EAR-Climate - Mountain Glacier Contribution to Sea Level CE 1900-2100 (MAGIC): The trans-disciplinary MAGIC project is designed to providing robust and accurate predictions of mountain glacier melt rates across the globe together with its contribution to sea-level rise on the global and local scale, and to evaluate the first order impacts of glacier change on societies. This project will combine geologic reconstructions of glacier change based on cosmogenic nuclide dating with satellite observations and novel Artificial Intelligence (AI) approaches, to establish a multi-decadal to centennial calibration framework for a new generation of glacier and solid earth models.
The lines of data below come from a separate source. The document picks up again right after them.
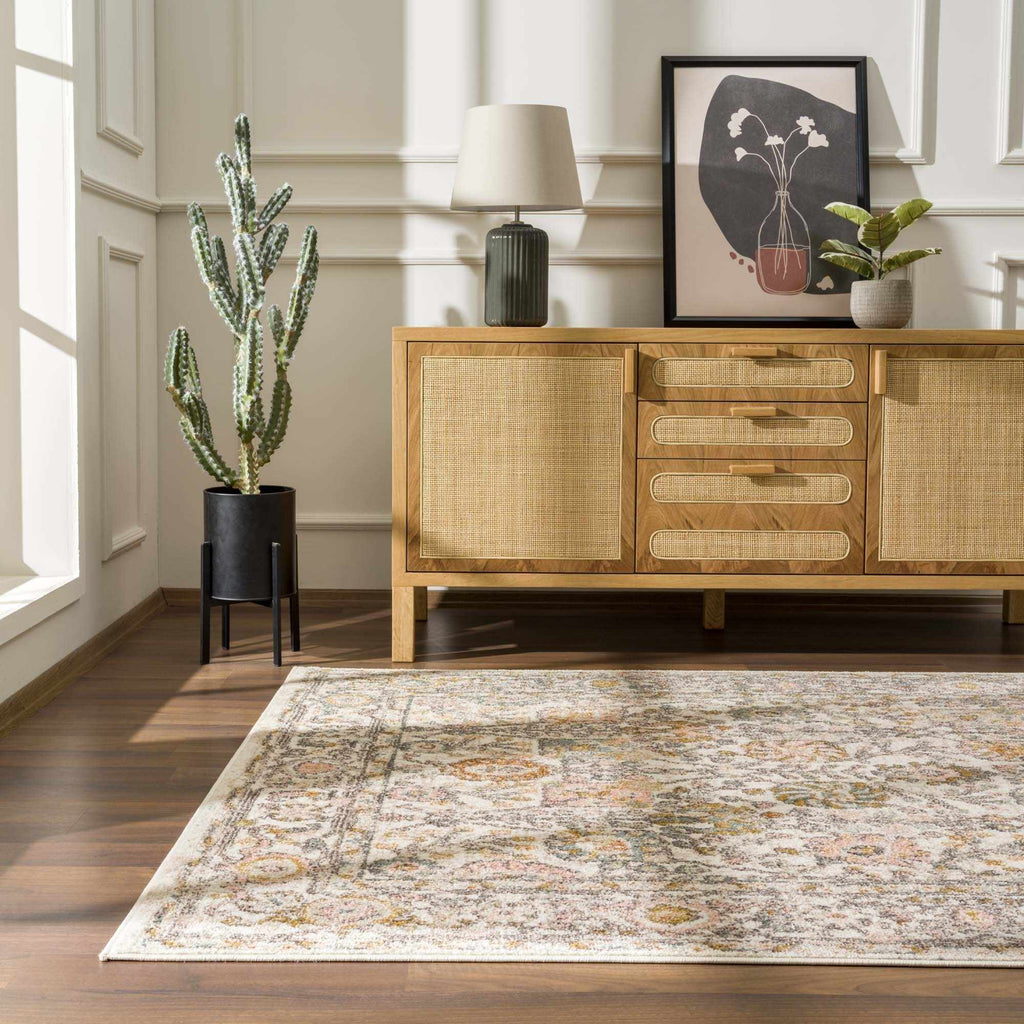 Herstmonceux Traditional Area Rug – Charcoal & Mustard Multi-Color Woven Rug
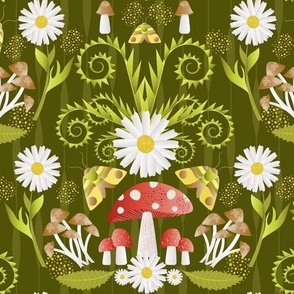 Garden / Daisy/ mushroom/ green background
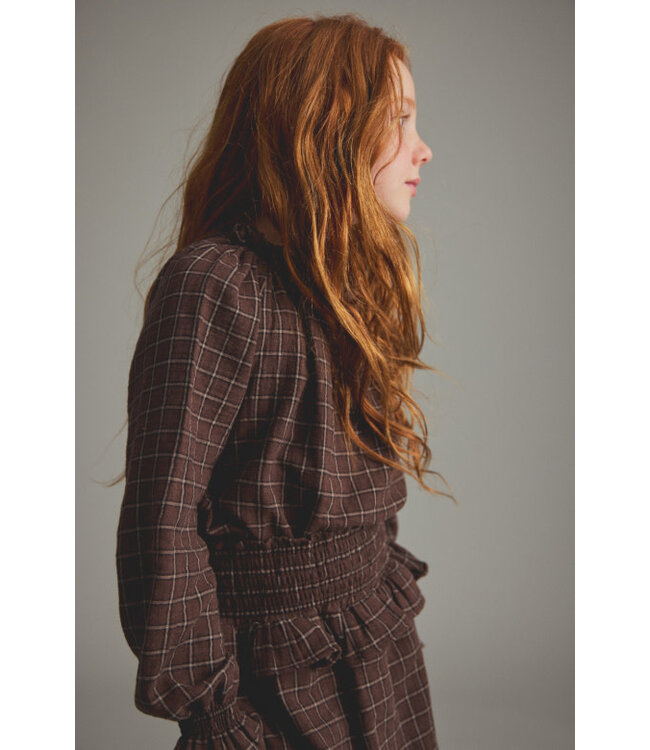 Textured plaid check  blouse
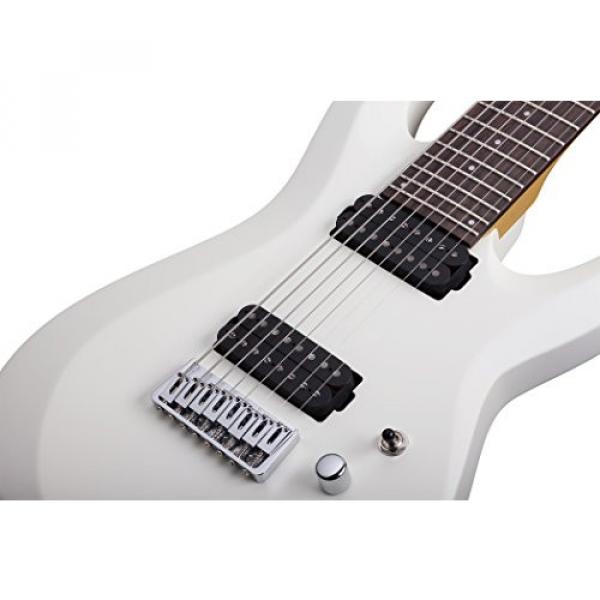 Schecter C-8 DELUXE Satin White 8-String Solid-Body Electric Guitar, Satin White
The successful candidate will work on the cosmogenic nuclide aspect of this project, with the expectation to build synergy bridges to the glacier and solid earth model, AI and societal impact elements of MAGIC.
OPP-Arctic System Science - Response of the Greenland Ice Sheet to ocean and atmosphere forcing in a changing Arctic system – integrating data and modeling to quantify rates of change: This project brings together experts from the fields of ice-sheet modeling, glaciology, atmospheric science, data assimilation, ice-core studies, ice-sheet history, paleoclimate reconstruction, and public outreach to better understand the Holocene history of the GrIS and how the GrIS may evolve in the coming centuries. The successful candidate will primarily work with using cosmogenic nuclides to constrain ice-margin change.
A PhD in earth sciences or a closely related field.
Experience in publishing peer-reviewed publications and delivering talks at conferences.
Experience working in a geochemical laboratory setting.
Experience with cosmogenic nuclides including their extraction from geological samples and processing/interpretation of nuclide measurement datasets.
Completion (or willingness) of remote fieldwork in Arctic settings for extended periods of time.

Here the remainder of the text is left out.